Ford aggrottò la fronte. – Davvero? – disse.

– E brandelli di stoffa.

Ford rifletté.

– Ah – fece. – Siamo vicini al punto dove precipitò la tua nave?

– Sì – rispose Arthur, un po’ a denti stretti.

– Allora è forse questo il motivo. Può succedere. I robot di cabina della nave rimangono distrutti. Le cibermenti che li controllano sopravvivono e cominciano a infestare fauna e flora locali. Possono trasformare un intero ecosistema in una specie di tremenda e frenetica industria dei servizi, dove chiunque porge salviette calde e bevande ai passanti. Dovrebbe esserci una legge che vieta cose del genere. Forse c’è. Forse c’è anche una legge contraria alla legge che vieta queste cose, in modo che tutti possano essere contenti e arrabbiati. Ehi, che hai detto?

– Ho detto che la donna è mia figlia.

Ford smise di massaggiarsi la testa.

– Ripetilo un po’.

– Ho detto – fece stizzito Arthur – che la donna è mia figlia.

– Non sapevo che avessi una figlia – disse Ford.

– Be’, ci sono probabilmente molte cose che non sai di me – disse Arthur. – E ora che ci penso, ci sono probabilmente anche molte cose che nemmeno io so di me stesso.

– Bene, bene, bene. Quando è successo il fatto?

– Non lo so con precisione.

– Ecco, questa è una frase che mi riesce più familiare – commentò Ford. – Centra anche una madre?

– Trillian.

– Trillian? Non credevo che…

– No. Senti, è un po’ imbarazzante.

– Ricordo che una volta mi disse di avere una figlia, ma così, solo di passata.
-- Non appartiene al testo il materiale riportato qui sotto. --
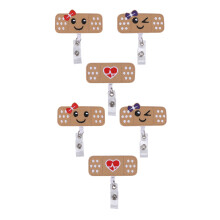 Nurse Badge Reel Holder - 6 Pack - RN Badge - Band Aid Badge Reel - Perfect Nurse Gifts for Women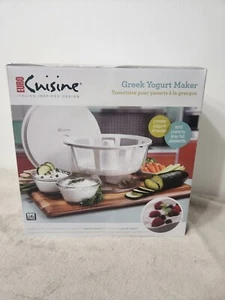 NEW Euro Cuisine Greek Yogurt Maker - Yogurt, Cheese, Desserts - Italian Design - Picture 1 of 10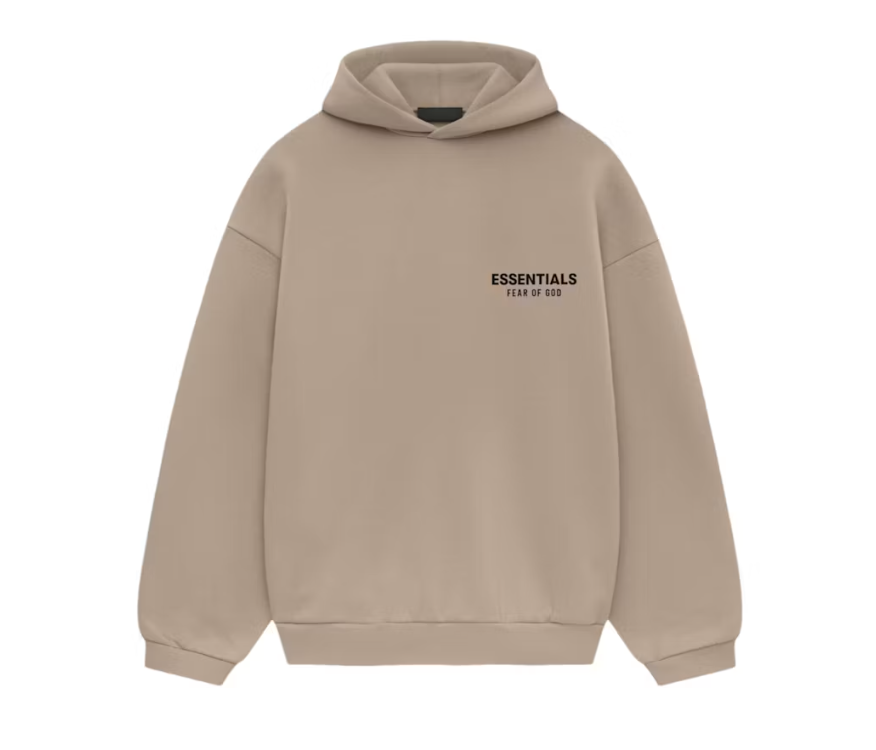 Fear of God Essentials Fleece Hoodie Desert Sand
Ogni tanto la sento. Non l’ho mai vista con la figlia.

Arthur non disse niente.

Ford ricominciò a tastarsi la testa con aria un po’ perplessa.

– Sei sicuro che quella fosse tua figlia? – chiese.

– Raccontami cos’è accaduto.

– Bah, una lunga storia. Stavo venendo a prendere quel pacchetto che mi sono indirizzato qui, presso di te…

– E che cosa conteneva il pacchetto?

– Credo possa essere qualcosa di inconcepibilmente pericoloso.

– E l’hai mandato a me? – protestò Arthur.

– È il posto più sicuro che mi sia venuto in mente. Credevo di poter contare sul fatto che non ti saresti assolutamente disturbato ad aprirlo. In ogni modo, venendo qui di notte non sono riuscito a trovare il villaggio. Mi basavo su informazioni abbastanza sommarie. Non ho trovato segnali di sorta. Immagino che qui non abbiate segnali e cose del genere.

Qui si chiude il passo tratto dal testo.